It's been a bit quiet on my blog lately.
I've been busy with an initiative to help digital movie makers. 'Movie-makers' because film-makers use film to make movies, 'movie-makers' make movies, with or without film. Anyway, this initiative is still under development, with name, trademark, and other procedural issues being sorted out. Once it's all done, I'll report here.
Meanwhile, I'm at NAB 2012. For those that don't know, NAB is the National Association of Broadcasters. Every year, they organize a large exhibition and conference at Las Vegas in the US. The exhibition begins Monday 16 Apr this year.
So, leading up to the exhibition there have been several announcements. Some of which will impact movie production and post-production. I'm concentrating on post-production as that's more of my livelihood for now.
Here are things to watch for, at NAB 2012...
Thunderbolt devices
A Thunderbolt equipped MacPro is still awaited, but the number of Thunderbolt equipped MacBook Pros, iMacs, and Mac minis are growing. Thunderbolt devices have been pretty thin so far. This NAB, expect a whole new set of Thunderbolt peripherals.
Thunderbolt - PCIe, Thunderbolt - SATA, Thunderbolt - Fibre, Thunderbolt - GigE, Thunderbolt - SAS, and many others not yet unveiled, might mean that maybe we won't need that Thunderbolt MacPro so badly after all.
New software for editing
Avid Media Composer 6 has been out for a while, and Avid, most certainly, has more tricks to show.
Adobe has just unveiled Premiere Pro 6 which at least one site has proclaimed is the 'FCP 8' that never happened.
And, there may be a new entrant in this edit software market. Maybe, but not certain.
FCP X, an editing software that has been slammed by some hailed by others, and possibly doesn't enjoy the numbers that FCP 7 did. This NAB, may be the turning point. We may see many stalls sporting FCP X. There are indications that FCP X is gaining traction, although from a whole new market. I for one am making it a priority to examine this piece of software more closely, and even use it more that I currently do.

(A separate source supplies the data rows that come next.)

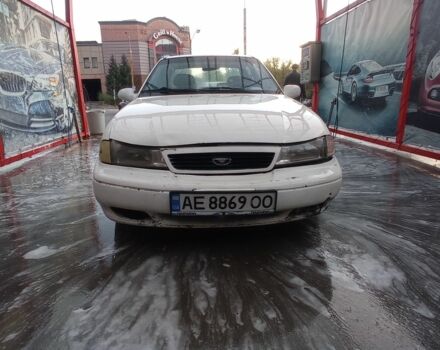 Деу Нексія 1996 у Дніпро (Дніпропетровську) на Automoto.ua Білий Деу Нексія, об'ємом двигуна 1.5 л та пробігом 300 тис. км за 699 $, фото 3 на Automoto.ua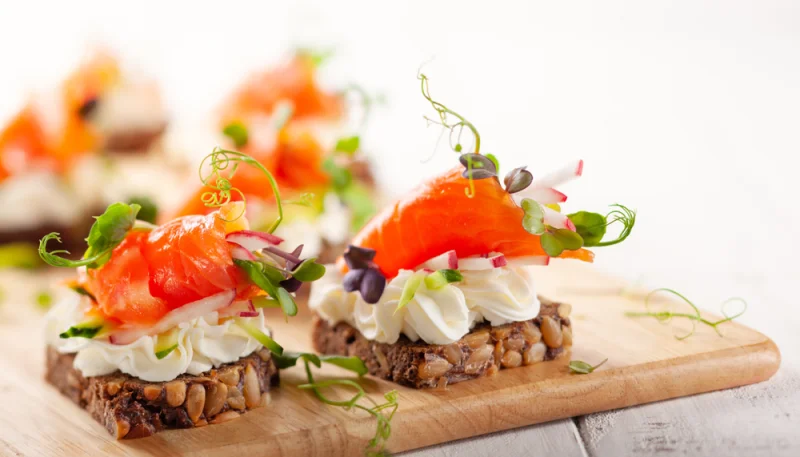 Mini Canapé al salmone, ricotta e fichi secchi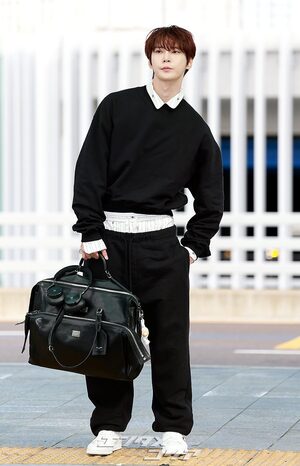 【フォト】NCTドヨン、腰パン姿でオランダへ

An announcement from Apple is unlikely, but no one can really predict Apple.
Plug-ins
Filmlight showed the Baselight plug-in last year. It's shipping this year, for FCP 7, even if its been almost a year since FCP 7 has been discontinued. For a large installed base of FCP 7 users, particularly those who need to inter operate with the full Baselight, here is a innovative colour correction during editing workflow.
GenArts, Foundry, and a host of others make plug-ins for FCP (7 and X), Avid, Premiere Pro, and other NLEs. These seem to do pretty well and at NAB 2012 we will see more and better stuff from them. I have a ffeling though, that plug-ins need to improve dramatically, in capability and speed, and fall in price if anyone has to make windfall from making them.
Blackmagic announcements
Blackmagic always has something new - cards, external devices, software, something. This year too, expect something. Maybe something Earth-shattering like the $ 1000 Resolve some time ago. Maybe a new control surface, or even a monitor.
Aja announcements
Aja too, probably, has something big planned for NAB. Their current Thunderbolt video I/O offerings are already more featured that anyone else's. But something more that video I/O may be shown.
Red announcements
Red, the digital camera company that created a huge impact to the digital movie-making market with the Red camera, has a stall at NAB this year. So expect either a new camera announcement, modifications or upgrades to existing ones, or something dramatic. This is also probably the first year this innovative company has some real competition.
Workflows
Many companies will show digital movie data recording, copying, transcoding, and management tools. In the form of software, hardware, devices, or all of the above.
To 3D or not to 3D
A couple of years ago, after Avatar, 3D was projected as the next big thing. It hasn't quite worked out that way, and 2D is still around in a big way. This year too, 3D will be about as luke warm as it was and may even go on the decline.
Film
The passing of film - 'tapeless' - has been spoken about in every NAB for the past decade or so. This is probably the first NAB where film's end is truly near. And if, between this NAB and the next, film manufacturing companies go under, then NAB 2012 might be the last year we see film scanners and recorders.
The big boys
Autodesk, DFT (Thomson), Quantel, FilmLight, Arri, Digital Vision aka Nucoda, Cintel, Grass Valley, and others - these have been the big boys in post-production at NAB. Large stalls, hundreds of people manning them, announcements, parties, multi-million dollar gear on show and sale - have been their characteristics.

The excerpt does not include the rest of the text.